Indonesia-Jepang Bahas Pengelolaan Mangrove dan Investasi Karbon

Menhut Raja Juli Antoni (kiri) dan Menteri Pertanian, Kehutanan, dan Perikanan Jepang Suzuki Norikazu dalam pertemuan yang berlangsung di Tokyo, Jepang. Foto: ANTARA/HO-Kemenhut.

Indonesia-Jepang Bahas Pengelolaan Mangrove dan Investasi Karbon

Fachri Audhia Hafiez • 31 March 2026 16:17

Jakarta: Menteri Kehutanan (Menhut), Raja Juli Antoni, menggelar pertemuan bilateral dengan Menteri Pertanian, Kehutanan, dan Perikanan (MAFF) Jepang, Suzuki Norikazu, di Tokyo, Selasa, 31 Maret 2026. Pertemuan ini bertujuan memperkuat kerja sama strategis di sektor kehutanan, khususnya terkait pengelolaan mangrove berkelanjutan dan investasi ekonomi karbon.

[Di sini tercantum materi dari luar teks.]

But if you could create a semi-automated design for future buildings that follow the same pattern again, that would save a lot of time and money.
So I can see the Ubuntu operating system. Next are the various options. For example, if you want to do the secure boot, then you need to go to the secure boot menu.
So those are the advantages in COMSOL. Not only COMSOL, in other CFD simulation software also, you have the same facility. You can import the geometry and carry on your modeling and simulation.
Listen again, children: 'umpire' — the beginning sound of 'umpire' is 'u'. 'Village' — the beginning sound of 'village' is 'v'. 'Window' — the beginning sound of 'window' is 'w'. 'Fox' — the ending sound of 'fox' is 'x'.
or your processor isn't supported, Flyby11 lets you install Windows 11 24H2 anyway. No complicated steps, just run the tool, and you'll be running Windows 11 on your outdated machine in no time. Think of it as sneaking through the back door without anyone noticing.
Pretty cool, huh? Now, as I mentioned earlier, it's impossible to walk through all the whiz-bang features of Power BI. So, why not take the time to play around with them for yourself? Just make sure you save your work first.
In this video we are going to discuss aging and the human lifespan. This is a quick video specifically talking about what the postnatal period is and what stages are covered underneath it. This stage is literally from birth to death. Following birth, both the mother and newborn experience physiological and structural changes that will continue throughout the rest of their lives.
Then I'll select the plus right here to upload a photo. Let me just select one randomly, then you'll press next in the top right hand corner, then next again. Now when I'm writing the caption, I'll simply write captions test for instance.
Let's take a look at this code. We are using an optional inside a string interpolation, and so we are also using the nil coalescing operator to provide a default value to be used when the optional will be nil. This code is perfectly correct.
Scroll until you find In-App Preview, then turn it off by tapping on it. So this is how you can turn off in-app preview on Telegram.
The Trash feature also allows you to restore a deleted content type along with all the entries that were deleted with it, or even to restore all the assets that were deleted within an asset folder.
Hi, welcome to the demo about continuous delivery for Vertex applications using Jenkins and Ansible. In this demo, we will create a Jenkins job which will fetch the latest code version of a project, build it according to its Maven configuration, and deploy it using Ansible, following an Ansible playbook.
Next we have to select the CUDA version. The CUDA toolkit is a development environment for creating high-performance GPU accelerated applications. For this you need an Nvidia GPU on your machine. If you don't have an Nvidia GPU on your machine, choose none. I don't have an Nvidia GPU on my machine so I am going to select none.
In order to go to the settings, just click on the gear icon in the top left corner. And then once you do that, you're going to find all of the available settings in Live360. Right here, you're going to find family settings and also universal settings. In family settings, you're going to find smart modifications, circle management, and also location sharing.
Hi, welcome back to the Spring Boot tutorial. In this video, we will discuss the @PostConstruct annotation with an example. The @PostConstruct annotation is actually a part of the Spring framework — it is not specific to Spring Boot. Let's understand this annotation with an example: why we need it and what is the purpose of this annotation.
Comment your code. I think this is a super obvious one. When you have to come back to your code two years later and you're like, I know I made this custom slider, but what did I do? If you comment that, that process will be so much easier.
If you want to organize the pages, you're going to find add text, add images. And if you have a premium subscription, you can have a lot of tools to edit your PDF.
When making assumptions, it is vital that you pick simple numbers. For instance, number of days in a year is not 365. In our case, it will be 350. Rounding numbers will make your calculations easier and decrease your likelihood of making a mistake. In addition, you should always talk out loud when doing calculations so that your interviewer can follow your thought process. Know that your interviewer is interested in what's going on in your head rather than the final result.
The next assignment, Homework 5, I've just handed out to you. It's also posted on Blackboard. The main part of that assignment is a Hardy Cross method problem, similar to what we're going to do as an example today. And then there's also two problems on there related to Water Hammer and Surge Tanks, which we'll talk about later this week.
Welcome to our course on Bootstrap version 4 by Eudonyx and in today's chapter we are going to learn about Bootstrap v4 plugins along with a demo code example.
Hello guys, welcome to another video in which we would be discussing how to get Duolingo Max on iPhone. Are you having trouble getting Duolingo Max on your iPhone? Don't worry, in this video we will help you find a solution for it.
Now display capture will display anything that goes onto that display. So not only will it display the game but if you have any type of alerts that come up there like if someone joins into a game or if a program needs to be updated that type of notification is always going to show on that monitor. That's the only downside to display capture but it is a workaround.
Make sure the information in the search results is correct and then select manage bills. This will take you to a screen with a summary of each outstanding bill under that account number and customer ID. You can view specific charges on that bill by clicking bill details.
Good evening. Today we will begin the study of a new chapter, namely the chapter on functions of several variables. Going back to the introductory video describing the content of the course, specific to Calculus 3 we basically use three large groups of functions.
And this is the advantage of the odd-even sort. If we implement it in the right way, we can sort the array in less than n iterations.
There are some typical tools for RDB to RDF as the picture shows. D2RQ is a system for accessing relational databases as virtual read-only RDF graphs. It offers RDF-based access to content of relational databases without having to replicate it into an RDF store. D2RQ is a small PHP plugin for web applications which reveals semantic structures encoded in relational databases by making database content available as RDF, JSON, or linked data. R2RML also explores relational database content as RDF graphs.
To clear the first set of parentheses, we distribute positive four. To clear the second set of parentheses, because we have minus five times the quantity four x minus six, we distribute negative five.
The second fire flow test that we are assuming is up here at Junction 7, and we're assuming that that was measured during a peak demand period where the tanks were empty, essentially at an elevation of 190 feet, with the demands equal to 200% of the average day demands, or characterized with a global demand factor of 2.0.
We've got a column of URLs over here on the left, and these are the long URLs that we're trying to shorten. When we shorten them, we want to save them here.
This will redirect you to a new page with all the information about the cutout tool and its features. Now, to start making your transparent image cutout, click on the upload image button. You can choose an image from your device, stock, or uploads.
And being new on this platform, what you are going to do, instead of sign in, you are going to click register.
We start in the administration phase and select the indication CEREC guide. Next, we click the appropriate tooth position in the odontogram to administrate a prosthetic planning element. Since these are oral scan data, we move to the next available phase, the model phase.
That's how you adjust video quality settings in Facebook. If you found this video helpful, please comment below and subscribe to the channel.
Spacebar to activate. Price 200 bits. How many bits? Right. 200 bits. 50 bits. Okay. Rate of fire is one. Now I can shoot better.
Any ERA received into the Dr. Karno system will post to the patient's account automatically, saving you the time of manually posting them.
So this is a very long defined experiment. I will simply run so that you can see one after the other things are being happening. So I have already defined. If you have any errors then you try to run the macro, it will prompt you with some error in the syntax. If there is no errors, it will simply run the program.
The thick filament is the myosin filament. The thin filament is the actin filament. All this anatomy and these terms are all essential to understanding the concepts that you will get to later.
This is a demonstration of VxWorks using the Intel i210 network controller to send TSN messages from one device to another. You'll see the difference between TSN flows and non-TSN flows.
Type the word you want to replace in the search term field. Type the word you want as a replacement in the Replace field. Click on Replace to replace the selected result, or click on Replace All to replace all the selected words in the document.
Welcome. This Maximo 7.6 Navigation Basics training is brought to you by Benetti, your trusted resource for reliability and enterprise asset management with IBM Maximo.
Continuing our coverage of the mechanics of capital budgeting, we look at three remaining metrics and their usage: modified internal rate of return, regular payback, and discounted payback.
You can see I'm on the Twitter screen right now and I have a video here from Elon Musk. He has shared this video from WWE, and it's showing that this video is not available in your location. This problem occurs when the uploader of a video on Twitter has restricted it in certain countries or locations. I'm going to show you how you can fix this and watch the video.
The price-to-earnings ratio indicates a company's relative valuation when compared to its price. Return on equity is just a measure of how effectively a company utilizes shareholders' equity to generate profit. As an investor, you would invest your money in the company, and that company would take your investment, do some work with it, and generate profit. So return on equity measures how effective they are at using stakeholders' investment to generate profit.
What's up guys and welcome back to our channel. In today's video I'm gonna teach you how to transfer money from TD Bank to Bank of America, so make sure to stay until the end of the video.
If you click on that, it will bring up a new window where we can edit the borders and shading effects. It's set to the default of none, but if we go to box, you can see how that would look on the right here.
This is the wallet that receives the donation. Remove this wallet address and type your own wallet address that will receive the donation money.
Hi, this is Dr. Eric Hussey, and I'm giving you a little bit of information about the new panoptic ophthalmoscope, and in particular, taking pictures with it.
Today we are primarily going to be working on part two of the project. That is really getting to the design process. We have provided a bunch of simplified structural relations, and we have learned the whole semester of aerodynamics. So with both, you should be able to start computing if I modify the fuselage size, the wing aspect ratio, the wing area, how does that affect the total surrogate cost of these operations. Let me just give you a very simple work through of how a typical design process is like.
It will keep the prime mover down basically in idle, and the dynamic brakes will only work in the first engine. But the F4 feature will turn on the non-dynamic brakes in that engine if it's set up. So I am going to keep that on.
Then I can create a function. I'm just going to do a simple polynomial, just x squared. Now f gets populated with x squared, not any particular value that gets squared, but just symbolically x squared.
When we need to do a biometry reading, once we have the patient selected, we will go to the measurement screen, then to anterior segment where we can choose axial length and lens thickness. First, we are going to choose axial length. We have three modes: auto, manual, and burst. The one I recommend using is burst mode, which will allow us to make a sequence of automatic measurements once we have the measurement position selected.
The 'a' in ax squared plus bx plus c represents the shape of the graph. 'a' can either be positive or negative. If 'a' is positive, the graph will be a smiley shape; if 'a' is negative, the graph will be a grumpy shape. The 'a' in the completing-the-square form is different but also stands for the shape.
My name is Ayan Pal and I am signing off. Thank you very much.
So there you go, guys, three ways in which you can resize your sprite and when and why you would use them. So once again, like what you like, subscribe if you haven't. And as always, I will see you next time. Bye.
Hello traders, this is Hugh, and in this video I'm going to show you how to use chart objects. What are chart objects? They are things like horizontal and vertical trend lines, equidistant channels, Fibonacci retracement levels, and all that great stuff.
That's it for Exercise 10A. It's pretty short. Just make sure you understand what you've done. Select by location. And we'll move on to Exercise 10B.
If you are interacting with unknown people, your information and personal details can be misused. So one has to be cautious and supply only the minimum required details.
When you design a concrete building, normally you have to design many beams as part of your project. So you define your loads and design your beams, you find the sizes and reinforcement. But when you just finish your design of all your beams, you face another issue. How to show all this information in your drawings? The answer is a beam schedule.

"Pertemuan ini menjadi bagian dari rangkaian kunjungan kenegaraan Presiden Prabowo Subianto dalam rangka mempererat hubungan bilateral Indonesia dan Jepang," ujar Raja Juli dalam keterangannya dikutip dari Antara, Selasa, 31 Maret 2026.
 


Dalam pertemuan tersebut, pihak MAFF Jepang menegaskan bahwa Indonesia merupakan mitra strategis, terutama dalam pengelolaan hutan tropis. Sebagai langkah konkret, pada April 2026, MAFF akan menugaskan dua tenaga ahli untuk mendukung proyek JICA terkait pengelolaan mangrove berkelanjutan di Indonesia.

Raja Juli memberikan apresiasi atas komitmen jangka panjang Pemerintah Jepang dalam mendukung kelestarian hutan Indonesia melalui berbagai inisiatif global.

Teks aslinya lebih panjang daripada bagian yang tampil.